Personal information
- Date of birth: 15 January 1961 (age 65)
- Place of birth: Lincoln, England
- Height: 6 ft 0 in (1.83 m)
- Position: Defender

Senior career*
- Years: Team / Apps / (Gls)
- Lincoln United
- 1979–1984: Luton Town / 90 / (4)
- 1984–1987: Plymouth Argyle / 106 / (5)
- 1987–1990: Wimbledon / 26 / (0)
- 1990–1991: Brentford / 10 / (0)
- 1991–1993: Ernest Borel
- Total:  / 242 / (9)

= Clive Goodyear =

English footballer

Clive Goodyear (born 15 January 1961) is an English former footballer who played as a defender. He made 232 appearances in the English Football League for Luton Town, Plymouth Argyle, Wimbledon and Brentford. Goodyear also played in the 1988 FA Cup final.

==Life and career==
He started his career at Luton Town, after five years with the Hatters moved to Plymouth Argyle, and after three seasons with Plymouth he moved to Wimbledon. In the 1988 FA Cup final, in which Wimbledon famously upset Liverpool 1–0, Goodyear was adjudged to have fouled John Aldridge, which gave Liverpool a controversial penalty. Aldridge took it, but Wimbledon goalkeeper Dave Beasant saved it.

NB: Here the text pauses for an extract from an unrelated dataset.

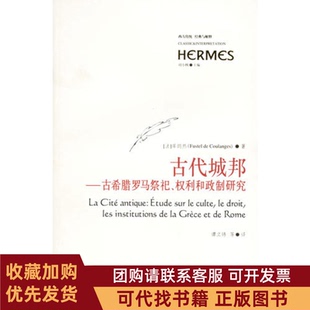 正版图书 古代城邦古希腊罗马祭祀权利和政制研究库朗热华东师范大学出版社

Although being named in the squad for that Cup Final, he was not a regular in the side and only made 26 appearances in three years and was sold to Brentford, where he spent one season.

He finished his career in Hong Kong with Ernest Borel. After sustaining a major knee injury he began studying physiotherapy and returned to Luton Town as a physiotherapist in 1993. He was then a physio at Cardiff City and Chester City.